Pictures from AFSCME’s lobby here in Chicago:

The picture above shows about ten tightly packed activists lined in two rows against the wall, and look like they’re chanting.

The picture above is taken from the inner part of the lobby straight across the room toward a pretty bright window. It looks like it’s wall-to-wall activists in there!

Above is another shot of tightly-packed activists against one of the walls. In this shot, there’s a long banner hung behind them, which I can’t quite make out.

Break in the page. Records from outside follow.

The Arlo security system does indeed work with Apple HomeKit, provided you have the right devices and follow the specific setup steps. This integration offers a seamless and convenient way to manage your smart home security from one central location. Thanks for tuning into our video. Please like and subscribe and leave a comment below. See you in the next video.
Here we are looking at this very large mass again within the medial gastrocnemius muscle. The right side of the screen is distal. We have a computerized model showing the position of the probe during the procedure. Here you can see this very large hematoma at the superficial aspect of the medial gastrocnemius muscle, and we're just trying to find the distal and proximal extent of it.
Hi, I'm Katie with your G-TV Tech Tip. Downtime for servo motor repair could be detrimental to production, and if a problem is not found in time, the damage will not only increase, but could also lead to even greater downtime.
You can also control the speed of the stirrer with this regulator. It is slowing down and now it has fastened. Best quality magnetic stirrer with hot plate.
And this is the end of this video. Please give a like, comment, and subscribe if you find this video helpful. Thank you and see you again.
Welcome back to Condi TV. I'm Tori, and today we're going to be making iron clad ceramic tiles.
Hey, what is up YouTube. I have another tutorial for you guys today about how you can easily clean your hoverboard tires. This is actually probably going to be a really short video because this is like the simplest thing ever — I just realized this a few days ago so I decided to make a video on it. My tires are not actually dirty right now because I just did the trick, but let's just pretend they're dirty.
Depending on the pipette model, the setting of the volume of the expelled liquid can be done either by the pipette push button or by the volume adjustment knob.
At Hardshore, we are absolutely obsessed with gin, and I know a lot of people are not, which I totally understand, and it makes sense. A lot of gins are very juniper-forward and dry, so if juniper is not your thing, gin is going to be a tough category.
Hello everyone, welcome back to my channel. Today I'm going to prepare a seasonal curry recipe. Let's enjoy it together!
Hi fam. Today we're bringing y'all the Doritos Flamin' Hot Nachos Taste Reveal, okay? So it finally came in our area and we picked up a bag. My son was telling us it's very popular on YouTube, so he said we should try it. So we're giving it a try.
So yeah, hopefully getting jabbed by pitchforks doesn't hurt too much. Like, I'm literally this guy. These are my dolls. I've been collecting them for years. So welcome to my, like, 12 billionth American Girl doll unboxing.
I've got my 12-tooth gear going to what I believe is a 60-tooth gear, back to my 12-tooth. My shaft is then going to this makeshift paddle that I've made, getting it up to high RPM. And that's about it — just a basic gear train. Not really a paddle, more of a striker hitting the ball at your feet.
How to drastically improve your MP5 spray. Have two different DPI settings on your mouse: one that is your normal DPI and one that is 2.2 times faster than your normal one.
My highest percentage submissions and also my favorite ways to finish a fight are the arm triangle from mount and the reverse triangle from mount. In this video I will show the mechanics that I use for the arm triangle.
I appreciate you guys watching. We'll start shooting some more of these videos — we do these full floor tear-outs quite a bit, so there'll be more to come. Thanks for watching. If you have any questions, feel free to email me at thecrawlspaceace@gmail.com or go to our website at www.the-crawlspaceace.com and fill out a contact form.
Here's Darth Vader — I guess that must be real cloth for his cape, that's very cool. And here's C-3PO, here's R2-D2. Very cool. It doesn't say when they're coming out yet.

The shot above is taken by the receptionist in the lobby and looks out across the room, which is crammed with ADAPTers. A “Free Our People” Banner is strung across the windows facing out, so it can be read by people passing by.

Update 1:45 pm. Central

I heard from Marsha Katz. The negotiations look like they went absolutely nowhere.

Arrests have begun.

Earlier, AFSCME reps at Council 31 in Chicago suggested the signing of a joint statement that contained some of the elements contained in this excerpt from a statement that has been written up about today’s events by Council 31’s PR officer, issued on Council 31 AFSCME letterhead, with Director Henry Bayer’s name on it somewhere…

“We believe that people who want to be served and need congregate care should
receive that care. We believe that individuals who want to receive
services in their homes and can receive their services in that setting should be
allowed to do so. We believe that the federal and state governments should
appropiate sufficient funds to provide quality care in both settings.”

Here’s what it looks like now:

The picture above shows activists being processed by police, who have pulled them away from the doors to issue citations.

Above is another street picture with a long line of activists – mostly wheelchair users – being processed by police.